Blink
Guerrillas, or just a taxi that needs to get its lights fixed?
Blink
A Toyota cruiser shoots around the corner Towards me, down the hill and a motorcycle’s lights flash and A woman runs across the road in front of them all at once I freeze seeing the version with the gun, the robbery, the death - Nothing is still here, nothing flows smoothly but sporadically, Flashing, lurching, my eyes dart to my periphery: Convoy, ambassador’s car, president, police, paramilitary, Guerrillas, or just a taxi that needs to get its lights fixed?
How people move sets the tone for a city. How fast people walk, how fast the cars drive, how they interact.
Bogota hasn’t been designed for interaction.

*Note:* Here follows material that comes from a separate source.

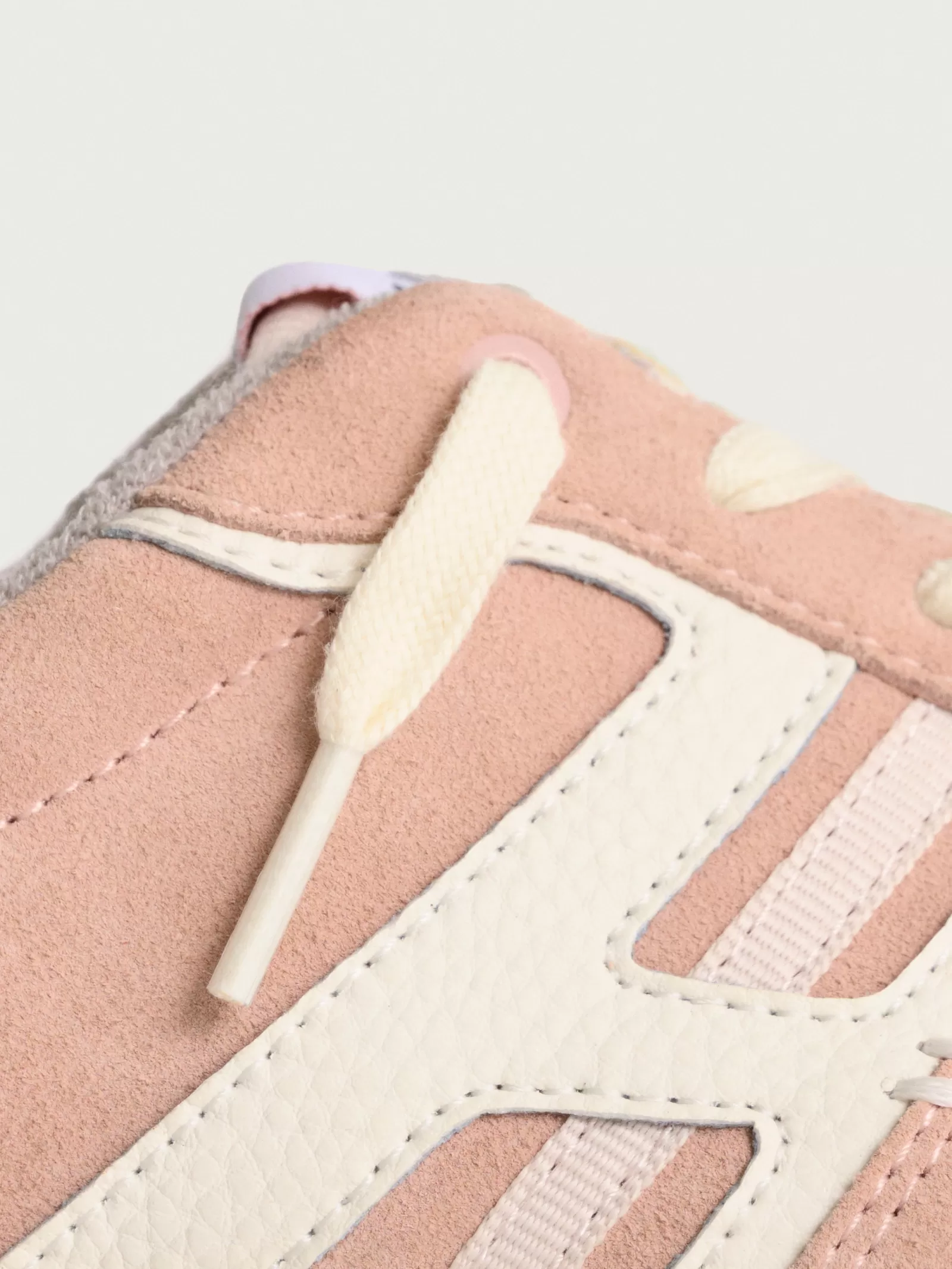 HOFF SHIBUYA | Zapatillas Urbanas para Mujer - Diseño Ligero con Estilo Tokiota 

(Observé la necesidad de eliminar caracteres especiales como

Pedestrian crossings look dusty under the wheels of cars as they take the right-angle turn whilst the little green walker flashes “go”. You just have to go for it.

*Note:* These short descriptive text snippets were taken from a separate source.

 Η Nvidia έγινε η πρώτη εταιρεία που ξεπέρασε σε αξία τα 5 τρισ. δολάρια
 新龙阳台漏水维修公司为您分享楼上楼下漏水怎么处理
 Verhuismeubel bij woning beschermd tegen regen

There are many points on my way to work that don’t have crossing marked, and I just have to run. One of these is in front of a blind bend. I wrote this poem after I walked home one day and all this happened, all at once.
A Toyota Cruiser came flying round the corner with flashing red and blue lights as a motorcycle took the wide line, going for the overtake, as the woman a few steps ahead of me rushed to cross. And then a taxi went past with lights blistering in different colours, mismatched, unevenly placed.
This poem attempted to capture all of the possibilities as this all flew by in seconds. Being outside in Bogota comes with insecurity. It seems highlighted by the paroxysm of lights, sirens, and speeding vehicles. There seems to be no regulation. Brake lights flash constantly, indicators are left on, and then there’s the horns. A taxi ran through a pedestrian crossing I was on this week with a police siren for its horn. I feel like my hair is raised at all times. The vehicle will not stop for you, it may or may not be police, there is the persistent risk of motorcycle-riding thieves, and outside of Bogotá, gunmen, and militants. These Toyota Cruisers could contain anyone.
Of course it is a privilege to have the public funds to install pedestrian crossings, regulate vehicles, prioritise pedestrians and their safety, the environment even. Colombia does not enjoy that kind of freedom and I know that. This was just what went through my mind in the blink of an eye, on my walk home.


That last bit really hits it home for me. I used to do a morning run at 4:45am every day. Several times, I was in crosswalks with white walk lights telling me to go as drivers ran red lights. A garbage truck almost drove through me at a marked intersection. The infrastructure here is robust…and drivers still endanger pedestrians (and one another). Even with those privileges, walking and running still feel dangerous at times.
I appreciate the observed chaos you depict in the poem, but stay safe! (As best you can anyway).